The correct strategy for the Monty Hall problem is to always switch to the other unopened door. This is because the contestant's initial choice has a 1/3 chance of being correct, and the host's choice of door to open has a 2/3 chance of being incorrect. Therefore, the contestant's chances of winning the prize are 1/3 * 2/3 = 2/3 when they switch doors.

Famously in 1990, the question was discussed in Parade magazine in 1990 when the problem was solved by mathematician Marilyn vos Savant.

Wiki: https://en.wikipedia.org/wiki/Monty_Hall_problem

In [3]:

def monty_hall_simulation(switch):
    doors = ["goat", "goat", "car"]
    random.shuffle(doors)
    chosen_door = random.choice(doors)
    if chosen_door == "car":
        if switch:
            return 0
        else:
            return 1
    else:
        if switch:
            return 1
        else:
            return 0

num_simulations = 100000
switch = True
wins = 0

for i in range(num_simulations):
    wins += monty_hall_simulation(switch)

print(f"Probability of winning with switch: {wins / num_simulations:.2f}")
print(f"Probability of winning without switch: {(num_simulations - wins) / num_simulations:.2f}")

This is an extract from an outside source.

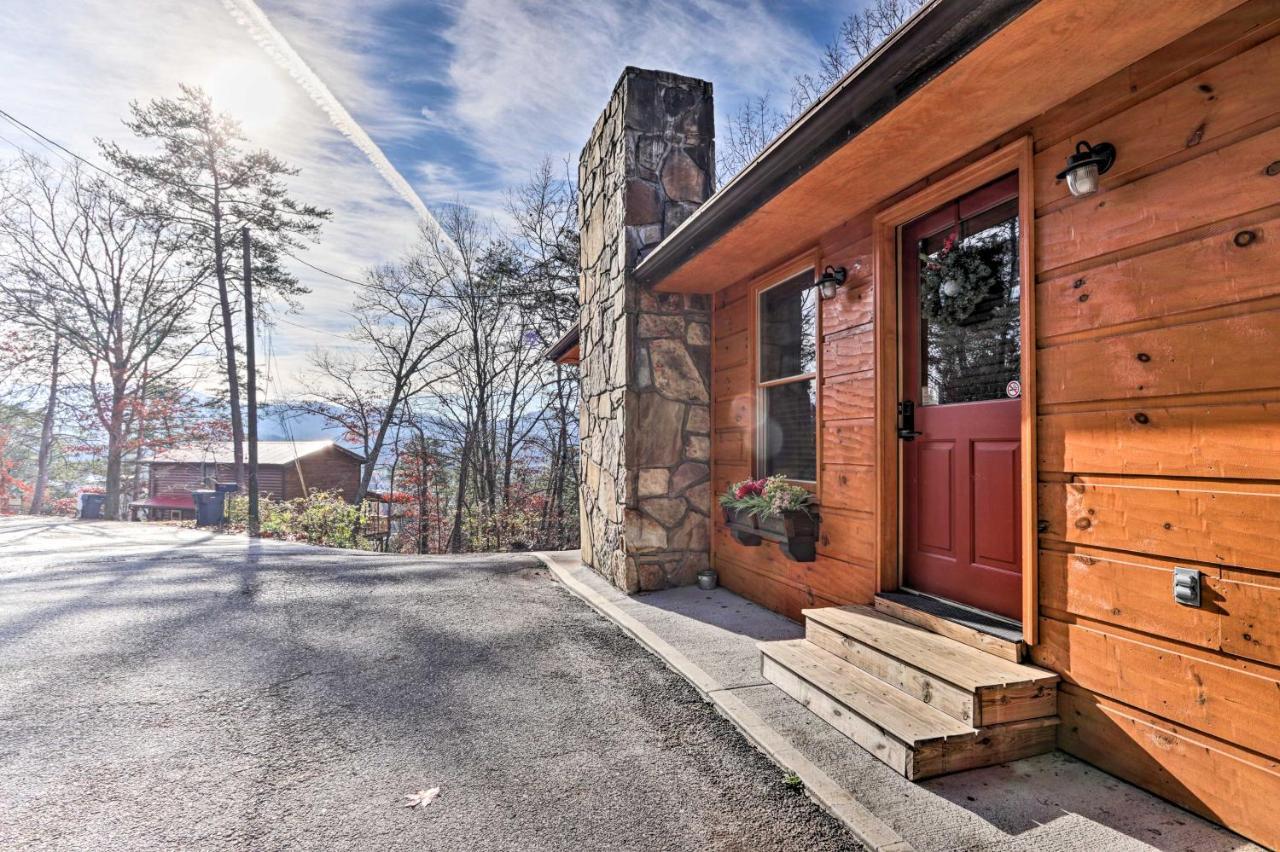 Luxe Cabin With Hot Tub, Theater, Pool Table, Arcade Pigeon Forge Exterior photo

Probability of winning with switch: 0.67
Probability of winning without switch: 0.33


## Optimal Stopping Problem

The Hire Assistant problem is a classic example of an online decision problem in which we need to make a sequence of decisions without having full information about future events. The goal is to hire the best candidate while minimizing the total cost of hiring and firing assistants.

The optimal approach to solving the Hire Assistant problem is to use an algorithm called the "optimal stopping rule." This rule states that we should interview and evaluate the first k candidates, where k is a fixed number, and then hire the first candidate that is better than all the previous candidates. The value of k is determined by the expected number of candidates that we need to interview before finding the best candidate.

The expected number of candidates to be interviewed can be calculated as follows:

* Let n be the total number of candidates provided by the employment agency.
* Let p be the probability that a candidate is better than all the previous candidates.
* The expected number of candidates to be interviewed is given by n/p.
* Therefore, the optimal approach is to interview and evaluate the first k = n/e candidates, where e is the mathematical constant equal to approximately 2.71828. After evaluating the first k candidates, we hire the first candidate that is better than all the previous candidates.

This approach guarantees that we will hire the best candidate with a probability of approximately 1/e, and it minimizes the expected cost of hiring and firing assistants.

Note: he optimal stopping rule is based on mathematical analysis of the problem, and is derived using techniques such as probability theory and calculus. The rule is not guaranteed to always produce the best result, but in the long run, it is the most effective strategy for hiring the best candidate while minimizing the total cost.